--- DATA SUPPLIED Enclosed Below ---

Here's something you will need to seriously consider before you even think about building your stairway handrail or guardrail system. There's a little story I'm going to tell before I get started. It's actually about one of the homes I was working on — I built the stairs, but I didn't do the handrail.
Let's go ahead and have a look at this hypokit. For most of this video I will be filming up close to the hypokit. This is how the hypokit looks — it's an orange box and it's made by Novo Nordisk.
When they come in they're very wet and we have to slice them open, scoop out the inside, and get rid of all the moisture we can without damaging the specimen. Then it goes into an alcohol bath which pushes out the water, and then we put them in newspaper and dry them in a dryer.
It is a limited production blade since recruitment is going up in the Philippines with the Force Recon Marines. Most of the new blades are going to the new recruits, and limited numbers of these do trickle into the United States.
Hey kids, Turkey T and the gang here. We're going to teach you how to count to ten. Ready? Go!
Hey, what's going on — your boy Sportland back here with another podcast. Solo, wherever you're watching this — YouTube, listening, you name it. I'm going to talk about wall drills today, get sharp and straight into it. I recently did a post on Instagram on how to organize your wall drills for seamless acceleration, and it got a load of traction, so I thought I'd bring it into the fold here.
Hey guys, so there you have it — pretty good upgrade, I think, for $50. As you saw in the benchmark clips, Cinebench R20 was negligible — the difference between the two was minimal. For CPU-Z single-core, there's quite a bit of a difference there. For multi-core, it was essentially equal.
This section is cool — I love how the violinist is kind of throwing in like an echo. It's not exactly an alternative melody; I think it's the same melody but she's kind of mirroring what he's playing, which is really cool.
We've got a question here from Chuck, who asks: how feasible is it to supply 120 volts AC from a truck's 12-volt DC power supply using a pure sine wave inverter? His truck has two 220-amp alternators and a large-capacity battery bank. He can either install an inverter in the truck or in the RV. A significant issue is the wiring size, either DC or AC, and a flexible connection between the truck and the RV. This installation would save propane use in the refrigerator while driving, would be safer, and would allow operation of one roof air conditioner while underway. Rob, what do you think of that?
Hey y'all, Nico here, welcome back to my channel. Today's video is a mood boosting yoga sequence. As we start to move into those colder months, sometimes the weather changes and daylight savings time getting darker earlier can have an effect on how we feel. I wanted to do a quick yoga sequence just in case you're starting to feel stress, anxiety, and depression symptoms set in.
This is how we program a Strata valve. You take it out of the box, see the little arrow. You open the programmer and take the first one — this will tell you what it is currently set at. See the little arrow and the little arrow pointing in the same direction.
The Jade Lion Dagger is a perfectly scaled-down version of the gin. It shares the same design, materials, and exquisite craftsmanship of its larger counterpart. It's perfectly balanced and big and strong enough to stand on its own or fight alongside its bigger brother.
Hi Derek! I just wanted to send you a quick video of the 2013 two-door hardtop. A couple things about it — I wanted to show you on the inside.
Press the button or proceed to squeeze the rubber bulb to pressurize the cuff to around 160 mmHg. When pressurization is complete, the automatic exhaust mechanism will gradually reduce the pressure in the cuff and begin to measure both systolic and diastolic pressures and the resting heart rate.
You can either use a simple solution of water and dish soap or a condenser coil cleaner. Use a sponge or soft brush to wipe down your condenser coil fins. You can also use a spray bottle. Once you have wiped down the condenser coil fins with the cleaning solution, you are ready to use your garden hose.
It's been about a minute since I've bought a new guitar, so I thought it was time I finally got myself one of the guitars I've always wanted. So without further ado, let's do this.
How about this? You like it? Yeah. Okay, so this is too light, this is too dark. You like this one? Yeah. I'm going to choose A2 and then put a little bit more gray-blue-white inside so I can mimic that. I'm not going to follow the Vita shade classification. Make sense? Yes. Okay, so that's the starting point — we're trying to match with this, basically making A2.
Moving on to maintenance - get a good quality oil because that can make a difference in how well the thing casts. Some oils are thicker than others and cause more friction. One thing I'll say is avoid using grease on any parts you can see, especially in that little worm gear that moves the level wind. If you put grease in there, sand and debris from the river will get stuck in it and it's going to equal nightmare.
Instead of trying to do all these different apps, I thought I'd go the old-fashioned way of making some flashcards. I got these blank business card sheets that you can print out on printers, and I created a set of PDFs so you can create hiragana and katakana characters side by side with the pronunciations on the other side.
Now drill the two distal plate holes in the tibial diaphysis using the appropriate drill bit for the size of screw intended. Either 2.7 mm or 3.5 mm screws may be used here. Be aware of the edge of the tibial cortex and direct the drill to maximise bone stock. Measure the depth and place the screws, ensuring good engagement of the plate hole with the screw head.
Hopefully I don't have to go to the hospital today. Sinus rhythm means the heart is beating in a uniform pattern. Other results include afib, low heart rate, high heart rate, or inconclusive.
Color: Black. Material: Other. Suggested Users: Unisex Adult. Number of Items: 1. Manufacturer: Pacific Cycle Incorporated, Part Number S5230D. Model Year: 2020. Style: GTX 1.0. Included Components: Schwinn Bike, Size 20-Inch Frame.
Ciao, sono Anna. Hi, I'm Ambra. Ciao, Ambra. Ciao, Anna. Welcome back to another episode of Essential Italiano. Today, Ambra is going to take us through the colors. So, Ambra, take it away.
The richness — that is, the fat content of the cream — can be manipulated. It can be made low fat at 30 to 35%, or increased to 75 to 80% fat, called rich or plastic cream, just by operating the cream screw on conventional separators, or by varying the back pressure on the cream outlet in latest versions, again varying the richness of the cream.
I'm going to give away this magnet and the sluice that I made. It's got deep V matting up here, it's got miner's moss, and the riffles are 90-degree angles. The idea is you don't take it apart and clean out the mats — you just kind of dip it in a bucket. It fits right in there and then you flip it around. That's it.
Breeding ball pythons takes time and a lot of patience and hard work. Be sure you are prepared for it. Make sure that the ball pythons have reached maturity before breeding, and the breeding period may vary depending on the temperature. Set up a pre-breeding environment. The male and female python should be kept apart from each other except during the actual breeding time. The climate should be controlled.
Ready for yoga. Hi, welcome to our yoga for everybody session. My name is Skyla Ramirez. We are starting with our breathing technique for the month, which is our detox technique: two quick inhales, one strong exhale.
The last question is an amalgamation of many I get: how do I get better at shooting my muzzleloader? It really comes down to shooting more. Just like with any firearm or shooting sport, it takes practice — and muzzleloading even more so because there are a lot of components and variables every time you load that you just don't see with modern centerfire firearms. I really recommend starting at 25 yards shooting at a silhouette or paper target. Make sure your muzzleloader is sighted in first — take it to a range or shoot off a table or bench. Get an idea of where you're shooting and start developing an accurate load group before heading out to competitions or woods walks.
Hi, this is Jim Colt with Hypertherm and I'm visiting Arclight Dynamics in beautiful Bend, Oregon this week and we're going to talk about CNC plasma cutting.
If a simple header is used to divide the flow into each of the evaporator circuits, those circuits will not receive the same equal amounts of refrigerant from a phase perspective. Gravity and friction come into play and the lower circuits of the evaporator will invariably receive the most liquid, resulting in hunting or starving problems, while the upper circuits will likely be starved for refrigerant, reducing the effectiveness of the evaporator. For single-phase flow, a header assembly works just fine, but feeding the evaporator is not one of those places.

--- End of Enclosed DATA SUPPLIED ---

=== WORK REQUIRED ===
Retype the complete listing verbatim.

=== ANSWER TO THIS TASK ===
Here's something you will need to seriously consider before you even think about building your stairway handrail or guardrail system. There's a little story I'm going to tell before I get started. It's actually about one of the homes I was working on — I built the stairs, but I didn't do the handrail.
Let's go ahead and have a look at this hypokit. For most of this video I will be filming up close to the hypokit. This is how the hypokit looks — it's an orange box and it's made by Novo Nordisk.
When they come in they're very wet and we have to slice them open, scoop out the inside, and get rid of all the moisture we can without damaging the specimen. Then it goes into an alcohol bath which pushes out the water, and then we put them in newspaper and dry them in a dryer.
It is a limited production blade since recruitment is going up in the Philippines with the Force Recon Marines. Most of the new blades are going to the new recruits, and limited numbers of these do trickle into the United States.
Hey kids, Turkey T and the gang here. We're going to teach you how to count to ten. Ready? Go!
Hey, what's going on — your boy Sportland back here with another podcast. Solo, wherever you're watching this — YouTube, listening, you name it. I'm going to talk about wall drills today, get sharp and straight into it. I recently did a post on Instagram on how to organize your wall drills for seamless acceleration, and it got a load of traction, so I thought I'd bring it into the fold here.
Hey guys, so there you have it — pretty good upgrade, I think, for $50. As you saw in the benchmark clips, Cinebench R20 was negligible — the difference between the two was minimal. For CPU-Z single-core, there's quite a bit of a difference there. For multi-core, it was essentially equal.
This section is cool — I love how the violinist is kind of throwing in like an echo. It's not exactly an alternative melody; I think it's the same melody but she's kind of mirroring what he's playing, which is really cool.
We've got a question here from Chuck, who asks: how feasible is it to supply 120 volts AC from a truck's 12-volt DC power supply using a pure sine wave inverter? His truck has two 220-amp alternators and a large-capacity battery bank. He can either install an inverter in the truck or in the RV. A significant issue is the wiring size, either DC or AC, and a flexible connection between the truck and the RV. This installation would save propane use in the refrigerator while driving, would be safer, and would allow operation of one roof air conditioner while underway. Rob, what do you think of that?
Hey y'all, Nico here, welcome back to my channel. Today's video is a mood boosting yoga sequence. As we start to move into those colder months, sometimes the weather changes and daylight savings time getting darker earlier can have an effect on how we feel. I wanted to do a quick yoga sequence just in case you're starting to feel stress, anxiety, and depression symptoms set in.
This is how we program a Strata valve. You take it out of the box, see the little arrow. You open the programmer and take the first one — this will tell you what it is currently set at. See the little arrow and the little arrow pointing in the same direction.
The Jade Lion Dagger is a perfectly scaled-down version of the gin. It shares the same design, materials, and exquisite craftsmanship of its larger counterpart. It's perfectly balanced and big and strong enough to stand on its own or fight alongside its bigger brother.
Hi Derek! I just wanted to send you a quick video of the 2013 two-door hardtop. A couple things about it — I wanted to show you on the inside.
Press the button or proceed to squeeze the rubber bulb to pressurize the cuff to around 160 mmHg. When pressurization is complete, the automatic exhaust mechanism will gradually reduce the pressure in the cuff and begin to measure both systolic and diastolic pressures and the resting heart rate.
You can either use a simple solution of water and dish soap or a condenser coil cleaner. Use a sponge or soft brush to wipe down your condenser coil fins. You can also use a spray bottle. Once you have wiped down the condenser coil fins with the cleaning solution, you are ready to use your garden hose.
It's been about a minute since I've bought a new guitar, so I thought it was time I finally got myself one of the guitars I've always wanted. So without further ado, let's do this.
How about this? You like it? Yeah. Okay, so this is too light, this is too dark. You like this one? Yeah. I'm going to choose A2 and then put a little bit more gray-blue-white inside so I can mimic that. I'm not going to follow the Vita shade classification. Make sense? Yes. Okay, so that's the starting point — we're trying to match with this, basically making A2.
Moving on to maintenance - get a good quality oil because that can make a difference in how well the thing casts. Some oils are thicker than others and cause more friction. One thing I'll say is avoid using grease on any parts you can see, especially in that little worm gear that moves the level wind. If you put grease in there, sand and debris from the river will get stuck in it and it's going to equal nightmare.
Instead of trying to do all these different apps, I thought I'd go the old-fashioned way of making some flashcards. I got these blank business card sheets that you can print out on printers, and I created a set of PDFs so you can create hiragana and katakana characters side by side with the pronunciations on the other side.
Now drill the two distal plate holes in the tibial diaphysis using the appropriate drill bit for the size of screw intended. Either 2.7 mm or 3.5 mm screws may be used here. Be aware of the edge of the tibial cortex and direct the drill to maximise bone stock. Measure the depth and place the screws, ensuring good engagement of the plate hole with the screw head.
Hopefully I don't have to go to the hospital today. Sinus rhythm means the heart is beating in a uniform pattern. Other results include afib, low heart rate, high heart rate, or inconclusive.
Color: Black. Material: Other. Suggested Users: Unisex Adult. Number of Items: 1. Manufacturer: Pacific Cycle Incorporated, Part Number S5230D. Model Year: 2020. Style: GTX 1.0. Included Components: Schwinn Bike, Size 20-Inch Frame.
Ciao, sono Anna. Hi, I'm Ambra. Ciao, Ambra. Ciao, Anna. Welcome back to another episode of Essential Italiano. Today, Ambra is going to take us through the colors. So, Ambra, take it away.
The richness — that is, the fat content of the cream — can be manipulated. It can be made low fat at 30 to 35%, or increased to 75 to 80% fat, called rich or plastic cream, just by operating the cream screw on conventional separators, or by varying the back pressure on the cream outlet in latest versions, again varying the richness of the cream.
I'm going to give away this magnet and the sluice that I made. It's got deep V matting up here, it's got miner's moss, and the riffles are 90-degree angles. The idea is you don't take it apart and clean out the mats — you just kind of dip it in a bucket. It fits right in there and then you flip it around. That's it.
Breeding ball pythons takes time and a lot of patience and hard work. Be sure you are prepared for it. Make sure that the ball pythons have reached maturity before breeding, and the breeding period may vary depending on the temperature. Set up a pre-breeding environment. The male and female python should be kept apart from each other except during the actual breeding time. The climate should be controlled.
Ready for yoga. Hi, welcome to our yoga for everybody session. My name is Skyla Ramirez. We are starting with our breathing technique for the month, which is our detox technique: two quick inhales, one strong exhale.
The last question is an amalgamation of many I get: how do I get better at shooting my muzzleloader? It really comes down to shooting more. Just like with any firearm or shooting sport, it takes practice — and muzzleloading even more so because there are a lot of components and variables every time you load that you just don't see with modern centerfire firearms. I really recommend starting at 25 yards shooting at a silhouette or paper target. Make sure your muzzleloader is sighted in first — take it to a range or shoot off a table or bench. Get an idea of where you're shooting and start developing an accurate load group before heading out to competitions or woods walks.
Hi, this is Jim Colt with Hypertherm and I'm visiting Arclight Dynamics in beautiful Bend, Oregon this week and we're going to talk about CNC plasma cutting.
If a simple header is used to divide the flow into each of the evaporator circuits, those circuits will not receive the same equal amounts of refrigerant from a phase perspective. Gravity and friction come into play and the lower circuits of the evaporator will invariably receive the most liquid, resulting in hunting or starving problems, while the upper circuits will likely be starved for refrigerant, reducing the effectiveness of the evaporator. For single-phase flow, a header assembly works just fine, but feeding the evaporator is not one of those places.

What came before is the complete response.